The key to the code, then, was available and I took a copy of it home with me, along with the first fifty pages of the journal. The next day I set myself the task of reading and decoding it. From that day to this I have found myself engaged in a literary, historical and cultural adventure, the interest of which never ceases. Halifax, for me, became two different places: physically, I moved around in my modern hometown; mentally, I lived in Anne Lister’s small nineteenth- century market town. Similarly, I travelled to twentieth- century Paris for research – but it was Anne’s nineteenth- century Paris that I uncovered, emotionally and psychologically, the spirit of which I have attempted to portray in this book through the excerpts I have chosen.

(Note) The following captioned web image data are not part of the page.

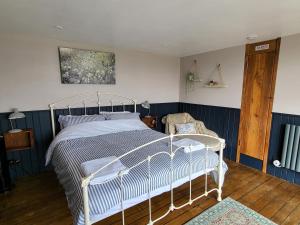 a bedroom with a white bed and a chair at Inner Dowsing Lightship in Rochester
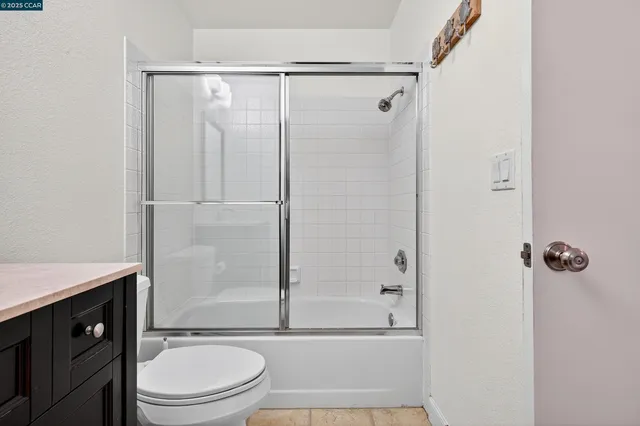 a bathroom with a shower a toilet and a sink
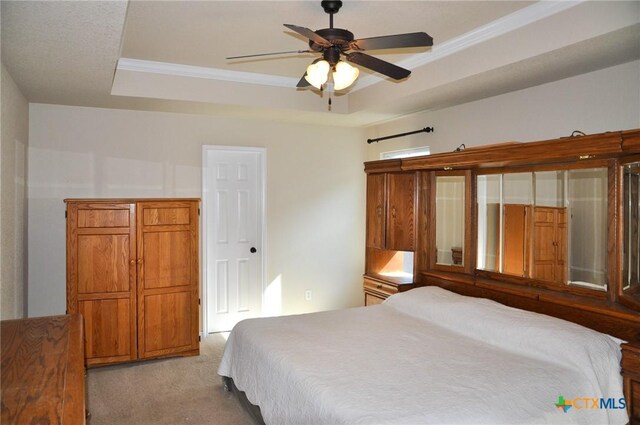 kitchen with kitchen peninsula, white appliances, pendant lighting, crown molding, and sink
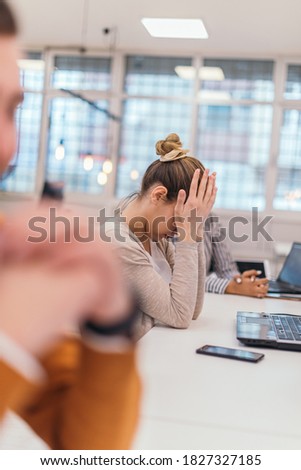 Portrait of a tired businesswoman  having a business meeting in the office. Royalty-Free Stock Photo #1827327185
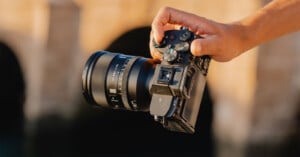 A hand holds a black mirrorless camera with a 35mm f/1.4 lens attached against a blurred, warm-toned background.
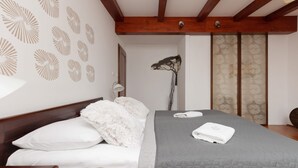 Una cama bien tendida con colcha gris y almohadas blancas, cabecera de madera y pared con diseños circulares.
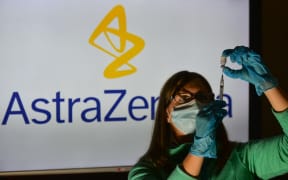 An illustrative image of a person holding a medical syringe and a vaccine vial in front of the Astra Zeneca logo displayed on a screen.
On Thursday, October 21, 2021, in Edmonton, Alberta, Canada.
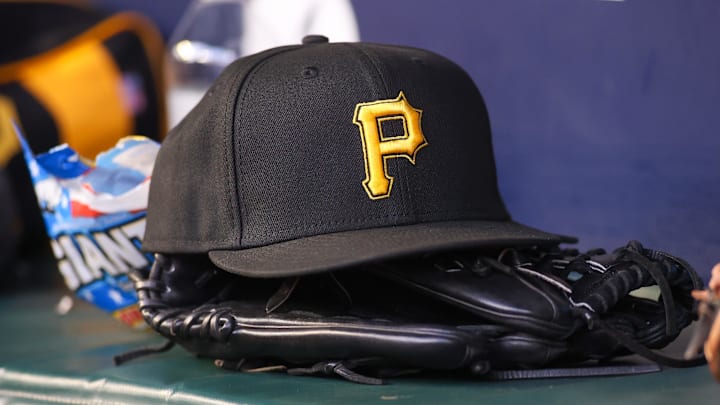 Sep 8, 2023; Atlanta, Georgia, USA; A detailed view of a Pittsburgh Pirates hat and glove before a game against the Pittsburgh Pirates in the first inning at Truist Park. Mandatory Credit: Brett Davis-Imagn Images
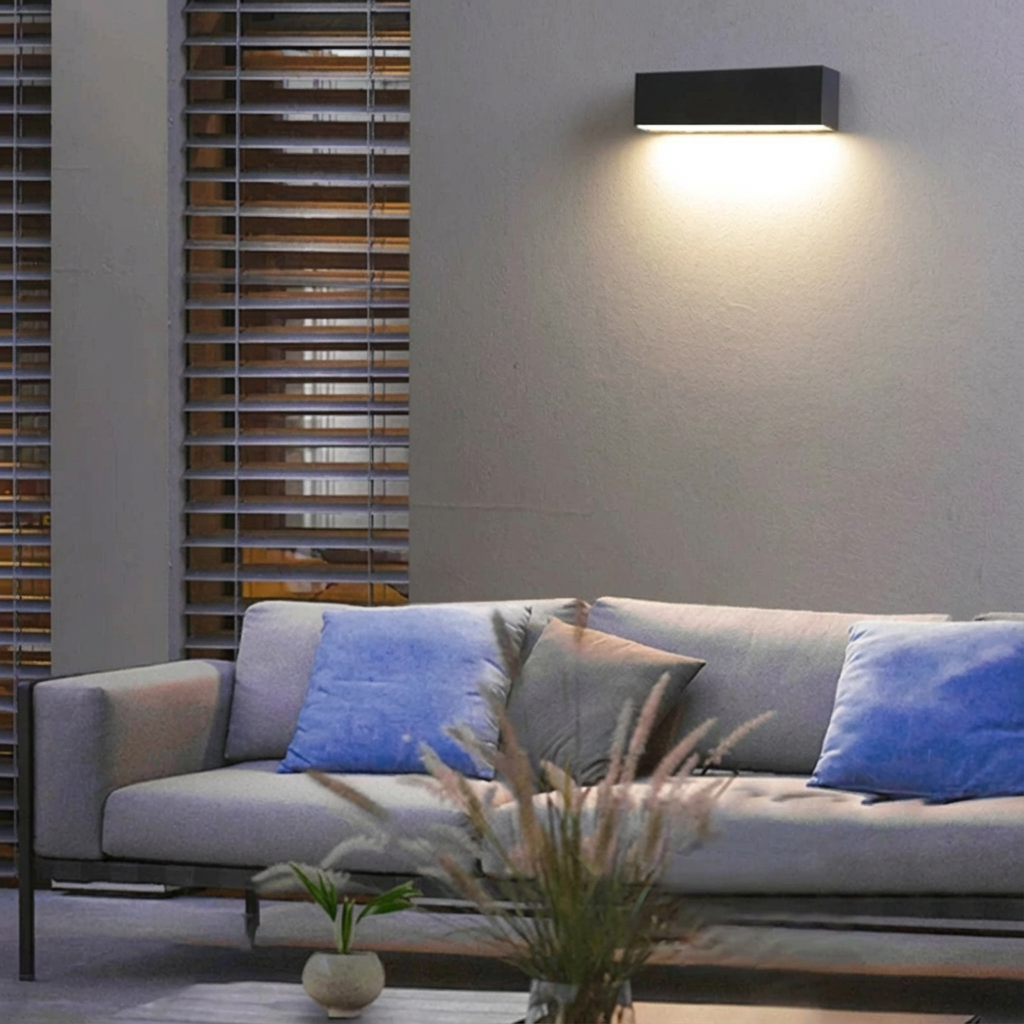 Modern solar LED outdoor wall light providing bright, energy-saving garden & pathway illumination.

The process of selection from 7,722 pages of Anne’s journals, containing an estimated 4,633,200 words, was not easy. The writing of a diary isn’t comparable to the writing of a novel as the diarist, obviously, does not know in advance what is going to happen and what will be significant. Anne scrupulously recorded every day’s events as fully as possible but, although fascinating for a historian, the minutiae of each day is less engrossing for the general reader. It is therefore the task of the editor to sift through the mass of material, teasing out key themes and highlighting the most pertinent experiences that will allow the diarist to tell her own story in her own authentic voice.

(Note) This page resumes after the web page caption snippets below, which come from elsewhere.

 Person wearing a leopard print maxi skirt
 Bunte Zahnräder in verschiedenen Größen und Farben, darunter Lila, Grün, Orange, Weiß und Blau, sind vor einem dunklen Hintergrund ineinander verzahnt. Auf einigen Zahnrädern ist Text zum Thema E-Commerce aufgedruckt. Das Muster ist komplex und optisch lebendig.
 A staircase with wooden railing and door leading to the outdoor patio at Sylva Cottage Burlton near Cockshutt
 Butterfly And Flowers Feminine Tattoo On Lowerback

Selecting and editing excerpts from the private diary of an unknown person was a complex process as I had no preformed idea of what sort of person was likely to emerge, or what her story might be. My knowledge of Anne Lister was confined to the bare fact that she had once lived at Shibden Hall, a place to which I was taken as a child many times by my parents and to which I took my own children in turn. Short extracts of her diaries had been published from time to time in the local press to illustrate historical events in Halifax, but Anne’s lifestyle and personality – and, indeed, her sexual orientation – were unknown to me until I studied her journals.

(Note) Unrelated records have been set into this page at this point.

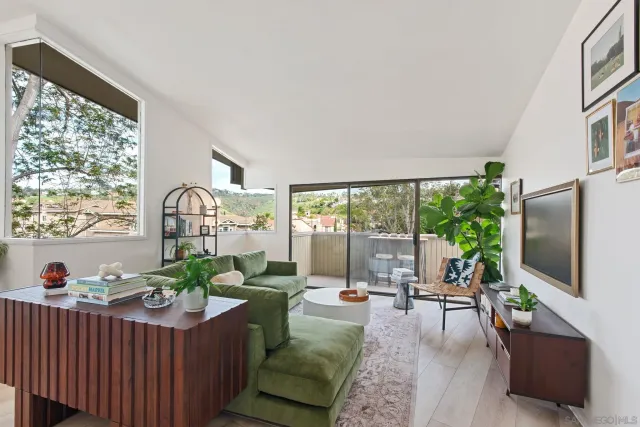 a living room with furniture a flat screen tv and a large window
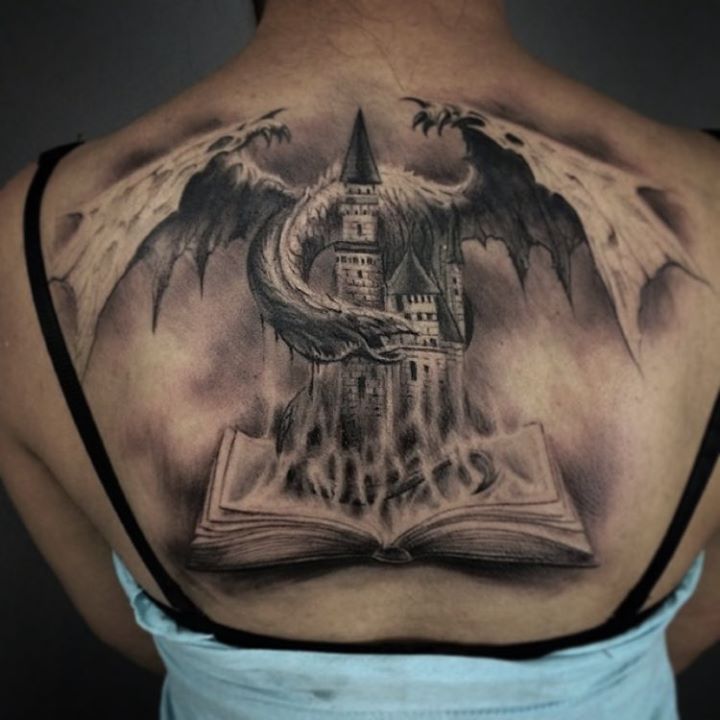 Flying dragon with buildings and burning book tattoo on back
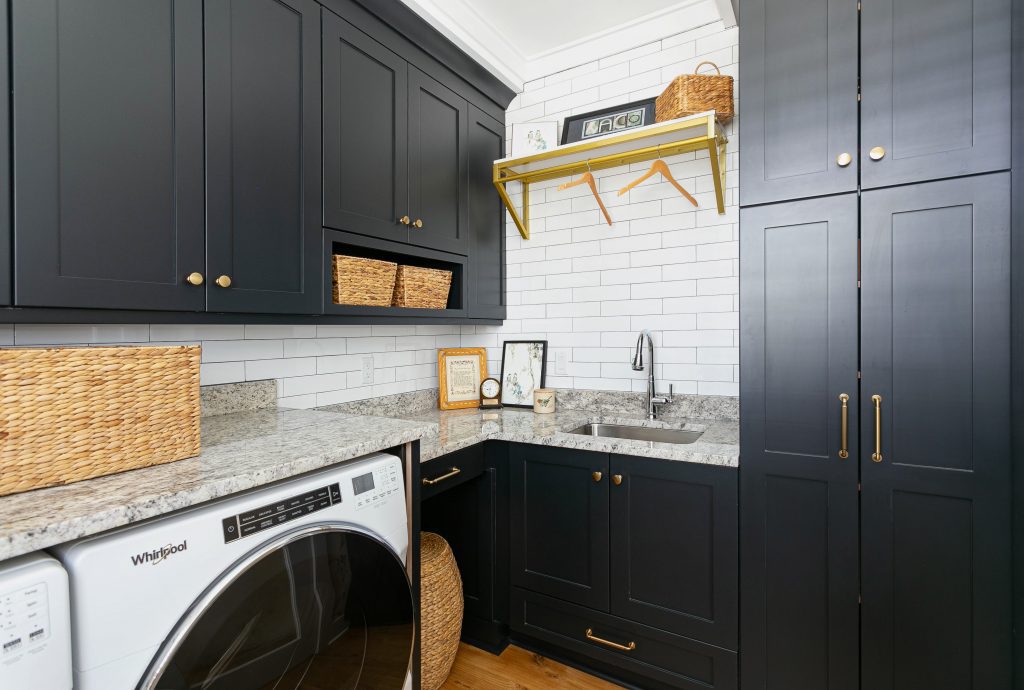 Classic cottage laundry room features a white and gray granite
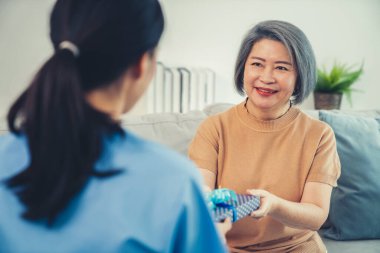 A young caregiver hand over to her senior patient a blue gift box with blue ribbons at a contented living room.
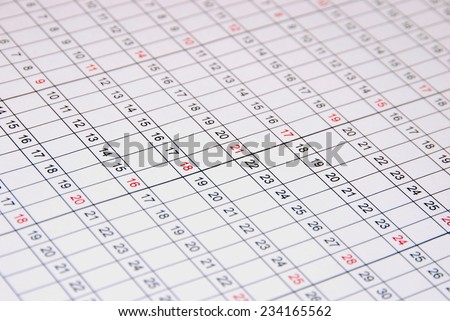 Close up view of day numbers in an annual planner. Calendar dates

After a period of two years’ reading and decoding, I knew that the uniqueness of the material lay in the depiction of how a woman in the first half of the nineteenth century could live her life and satisfy her emotional and sexual needs when she could ‘love, and only love, the fairer sex’. How did a lesbian conduct her life during an era so radically different from our own, managing to balance sexual fulfilment with social acceptability? Anne’s secret journal tells us. My decision to share Anne Lister’s story with the world was not taken lightly; having spent so long decoding her intimate diary, I felt an affinity with her – I was her confidante across the centuries – and she would have hated her private life being made public. Yet I remain convinced of the importance of gaining a new insight into the mores of women’s lives and sexuality. I know now that enabling readers to discover this piece of lesbian history had a positive impact on many: as Jeanette Winterson commented, ‘The diaries gave me courage.’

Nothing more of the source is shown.